> [Collected material]
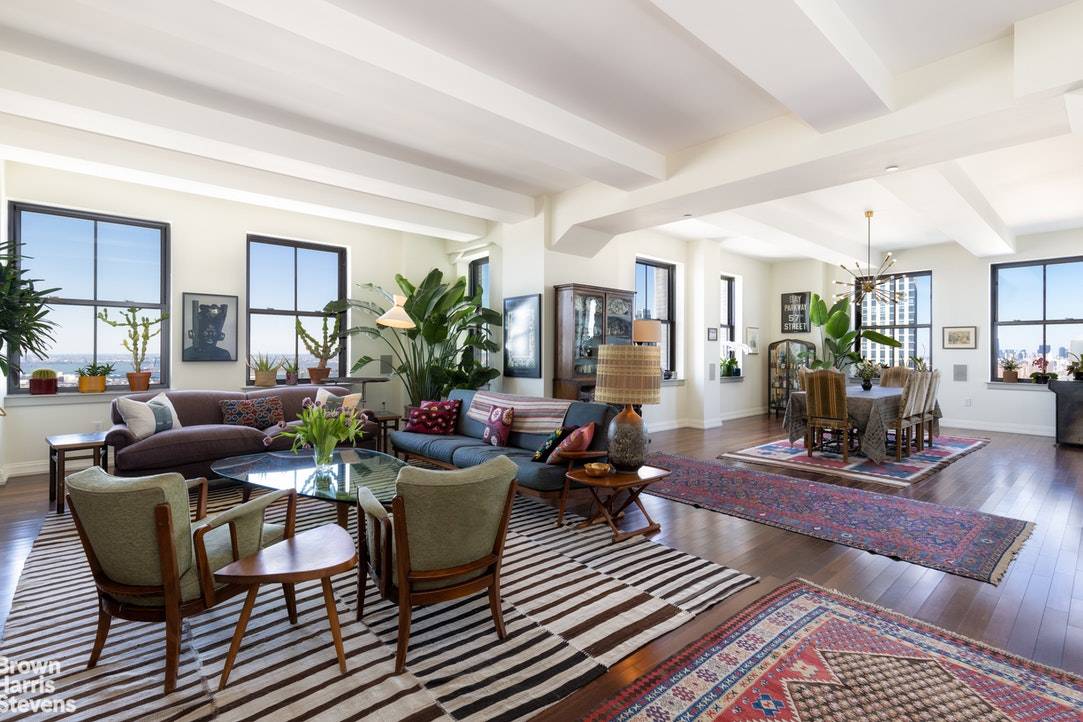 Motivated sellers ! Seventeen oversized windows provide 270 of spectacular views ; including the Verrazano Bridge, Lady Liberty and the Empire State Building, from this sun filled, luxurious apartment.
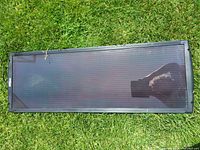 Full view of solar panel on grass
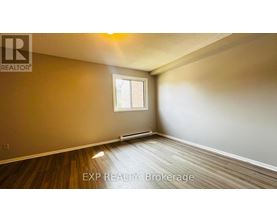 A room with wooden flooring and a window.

> [About this task] Print the listing exactly, minus its pictures.

> [Task response]
 Motivated sellers ! Seventeen oversized windows provide 270 of spectacular views ; including the Verrazano Bridge, Lady Liberty and the Empire State Building, from this sun filled, luxurious apartment.
 Full view of solar panel on grass
 A room with wooden flooring and a window.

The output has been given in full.